"BİZİM ENGLISH" HAKKINDA
5 Aralık 1981 - İstanbul
BAŞLARKEN
1980’lerin Türkiye’si, daralan ekonomik çemberleri yırtmak, hayat şartlarını kolaylaştırmak, ekonomik kalkınmayı hızlandırmak için olağanüstü çabalara sahne olan bir Türkiye’dir. “ Muasır medeniyetlerin” (çağdaş uygarlıkların) seviyesine ulaşmanın yolunun öncelikle o medeniyetlerin ne olup ne olmadıklarını kendi dillerinden öğrenmekten geçtiği kuşkusuzdur. Teknoloji üreten ülkelerin dillerinin bilinmesi ki İngiliz dili yaygınlığı ve işlerliği açısından bunların başında gelmektedir, ekonomik geçerliliği olan toplumsal ve bireysel becerilerin en önemlilerindendir. Bütün bunlara karşın, yabancı dil öğretimi bu güne kadar çözülememiş eğitim sorunlarımızın başlıcalarından biridir.
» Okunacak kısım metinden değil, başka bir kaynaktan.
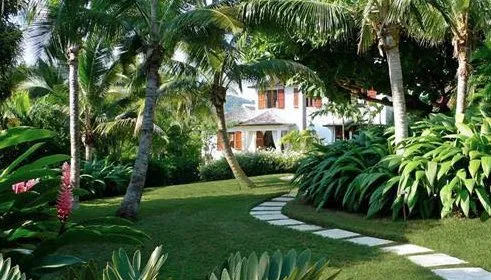 Custom residential landscaping for residential properties across Loxahatchee, FL - Vivid Green Landscaping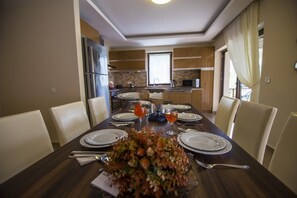 Villa, 4 slaapkamers | Dineren op de kamer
Bugün, İngilizce ile yıllar yılı şu veya bu biçimde haşır neşir olmuş bir öğrenci, halen Türkiye’mizde geçerliliğini koruyan geleneksek öğrenim sonucunda, kendi yaşantısına, eğitimine, özgeçmişine ya da yalanlarına ait iki sözü bir araya getirememektedir. Öyle ki, eğitimini kolejlerde tamamlama şansına sahip olan İngilizce bilirler dahil, örneğin, bir Üsküdar iskelesi, Babıali yokuşu, kerpiç, tespih gibi, Türkiye yaşantısının parçası olan sözcükleri bilememekte, buna karşılık, İngiltere’nin Birmingham şehrindeki Mr. Ve Mrs. Brown’ın noel ağaçlı yaşantılarına ait ayrıntıları anlatabilmektedirler. Yine geleneksel öğretim metoduyla İngilizce öğrenmeye çabalayan bir öğrenci, işletme fakültesi, okul müdürlüğü, mezuniyet belgesi, ücret, devlet dairesi, harç vb. gibi kendisini yakından ilgilendirebilecek kelimelerin yerine, hayatında hiç görmemiş olduğu ve görebilme şansının belki de hiç olmadığı zürafa, domuz ya da Big Ben saat kulesi , yaşamında asla birinci derecede rol oynamayacak kelimeleri öğrenmeye zorlanmaktadır.